Quien come cada día lo que hace es cerrar la puerta
que da al ser y al tiempo. Come y calla en su casa
de exactas habitaciones y a su hora. Y así se pierde
el oscuro nutriente de la semilla, la herencia del tiempo
y su fuerza fija, la eterna filtración de los sucesivos
instantes. Hasta que la fuerza de su peso
haga brillar la armonía de su supervivencia. Comen
lo que hay, porque serpientes enroscadas dicen
«trabaja, cobra, vive, pues justo es el salario
y plena la vida». Pero cuanto más se cree en el mundo
menor es el sentido que brota en libertad desde el alto trono
de las fuerzas perdidas, las que escapan a tanta
plusvalía, a tanta mano todopoderosa y a tanto
dios escondido. Tanta baja techumbre y sucia cama
que cada noche recibe una nueva vida de placer
y pánico. Una más. Como se apaciguan las bestias
y ya en el río hondo se ahogan los milagros. Soy
un órgano, tal vez, pero vida que aún se oculta
y no se comparte cuando la sagaces crueldades
asignan a cada momento su negocio. Tu ganancia
es la certeza de mi fragilidad. Por eso aun busco
mil láminas de voz en tus palabras. El diamante líquido
en las puertas de la experiencia. La materia negra del capital.
Tu fuerza indetectable. Lo que no vale en ningún trabajo
y sin embargo se agota. Porque la vida que no rinde
es vida pura, como un estanque de agua que pone
en tu mirada el velo inexpresivo, eso que calla. Porque
lo que no se hace amar es lo más vivo. Lo que te deja
igual de solo y pobre es lo más vivo. Lo ruin,
el obcecarse, la locura. El sabio manantial
de las pérdidas, la leche más íntima de cada ausencia,
la saciedad que esconde la digestión y lo que hace
vida del alimento y de la vida alimento. Se oculta así
la equivalencia más profunda y el trasvase más exacto y sagrado.
La vida hecha y perdida, el tiempo empedernido que acaricia
con sus yemas de aire el fondo feroz de lo que aún no brota.
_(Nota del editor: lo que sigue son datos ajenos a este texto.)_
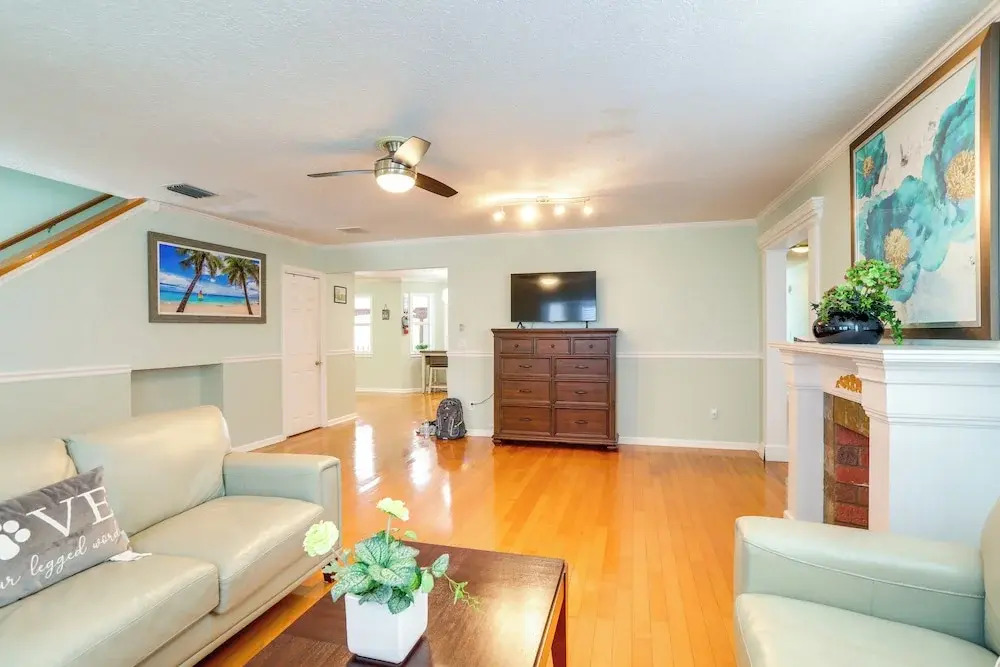 4 Mi to Beaches: Alluring Largo Hideaway!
Y son sus ojos torbellinos de fiebre. Y es el río una avalancha
de aire que quema. Y los caminos desfigurados serpentean en vano.
No hay ya allí. Somos una semilla.

No hay pausa en lo llano, todo viene de un hueco dentro,
de un esplendor donde nada es espacio. Ni útero,
ni cama, ni casa, ni campo, solo voz sin rostro
que tiembla bajo un cielo que ya no logra
mantenerse en lo alto. Pues queda poco más que un recóndito
destello, que un recodo compacto por el que se fuerza
lo exterior sin espacio. ¡Ahóguese todo! ¡Ocúpese cada lugar
donde algo quepa! Eterno castigo, fuego, llanto y muerte
¡Dense las vidas por nada mientras quede tiempo!
El mundo debe ser solo límite, con el agradecimiento
de lo que no pertenece ni al dentro ni al afuera. Son así
los abismos de tiempo cuyo nido es la simple confesión
del caos. Son así los cuerpos cuyo rastro deja una canción
cual fuerza miserable de la vida. Como el gozo redentor
que se esconde entre sombras, como la vaga sensación de persistir
que añade un modesto grito al silencio. Es ley que rige.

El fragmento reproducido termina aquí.